Autor: G. Peukert
In den Umbruchszeiten nach dem ersten Weltkrieg begann Rudolf Steiner - stark beeindruckt von eben diesem - eine gegenwartsgemäße Stellung der Schule im kulturellen, wirtschaftlichen und sozialen Leben zu beschreiben. Begeistert von diesen und anderen Ideen Steiners bemühte sich Emil Molt - der Direktor der Waldorf-Astoria Zigarettenfabrik - um Rudolf Steiner als Gründer für eine Schule für seine Arbeiter und deren Kinder. Rudolf Steiner nahm die Aufgabe an, berief das erste Kollegium und arbeitete mit ihm in über 70 Vorträgen, Seminaren, Konferenzen und in Unterrichtsbesuchen die Elemente der Waldorfpädagogik, aber auch der kollegialen Selbstverwaltung heraus. Dem Industriellen Emil Molt und dem Anthroposophen Rudolf Steiner ging es hierbei, nach dem Schrecken des Weltkrieges, um eine gesellschaftliche Umwandlung. Es war (und ist !) das Ziel, aus dem Menschen das zu entwickeln, was in ihm veranlagt ist, um so der Gesellschaft neue Kräfte zuzuführen. So wurde 1919 in Stuttgart die erste „Freie Waldorfschule" eröffnet - die erste deutsche Gesamtschule.

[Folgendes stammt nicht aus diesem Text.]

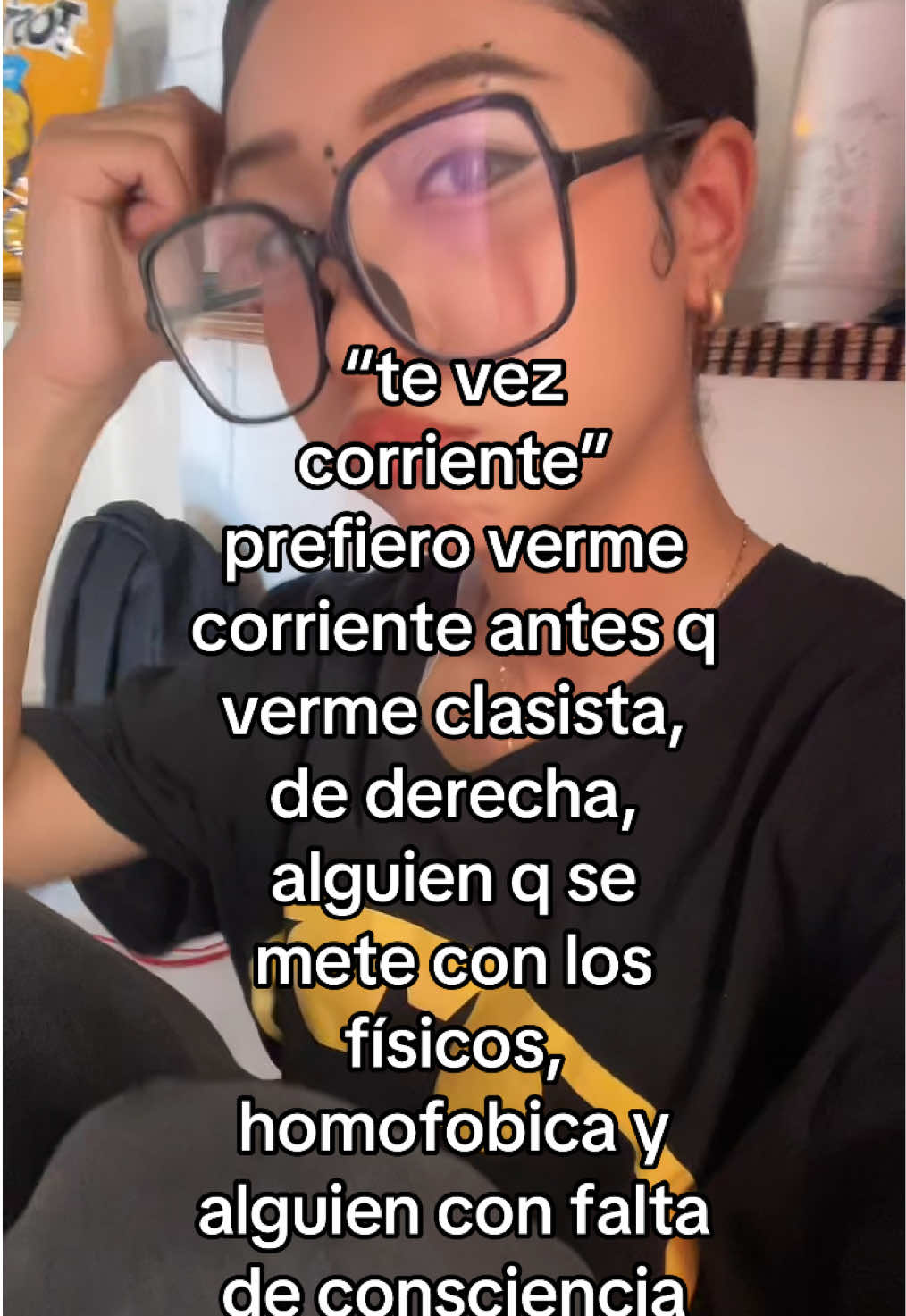 @Tatisita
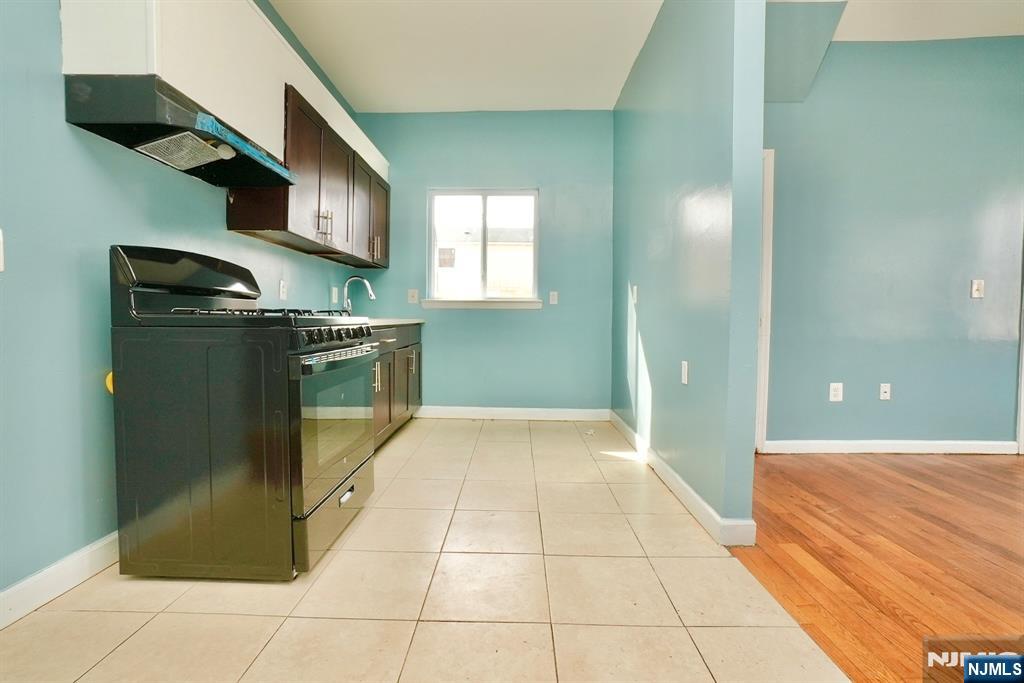 544 S 11th Street - Photo 4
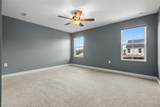 37 Tranquility Way - Photo 20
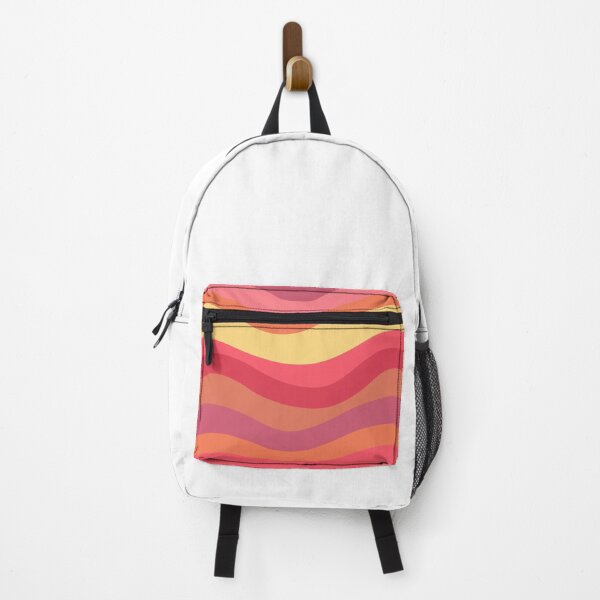 Item preview, Wavy Lines designed and sold by ginger-designs.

Alle Beweggründe der Waldorfpädagogik haben in der Entwicklung des werdenden Menschen ihren Ursprung, deshalb „dreht" sich in der Schule alles um das KIND. Zuvordererst tritt es als Individualität an die Lehrer, diese haben diese Individualität als Ganzes zu achten, mit dem, was es aus Vorleben mitbringt und was es aus Schicksalsverbindung zu den Lehrern einfordert. Aus der „allgemeinen Menschenkunde" von Rudolf Steiner heraus entwickelte sich der Lehrplan - bindend, aber nicht dogmatisch. Dabei wird nicht gefragt, was die Erwachsenen bzw. die Gesellschaft benötigt, sondern es wird das Kind in seiner Ganzheit (Körper, Seele und Geist) erfasst. Von den Pädagogen ist gefordert jedes Kind zu betrachten, zu akzeptieren ggf. zu meditieren. Aus dieser BEGEGNUNG (auch mit der Gruppe bzw. Gemeinschaft) entwickeln sie die pädagogische Herangehensweise. Die intentionale Zielbestimmung des Lehrers (Vorbereitung) trifft auf das Neue, Spontane der Kinder. Die Begegnung wird zum DIALOG und dieser zum PROZESS und steht dem übergestülptem Wissenstransfer entgegen. Der Lehrer befindet sich in einem Wechselverhältnis zwischen Lehren und Lernen.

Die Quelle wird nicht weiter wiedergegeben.